> _Prompt_: Your task is to restate the data word for word.

> _Provided material_:
━━━━━━━━━━━━━━━━━━━━

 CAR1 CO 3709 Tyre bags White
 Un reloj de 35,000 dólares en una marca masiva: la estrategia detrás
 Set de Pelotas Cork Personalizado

━━━━━━━━━━━━━━━━━━━━

> _Solution to this exercise_:
 CAR1 CO 3709 Tyre bags White
 Un reloj de 35,000 dólares en una marca masiva: la estrategia detrás
 Set de Pelotas Cork Personalizado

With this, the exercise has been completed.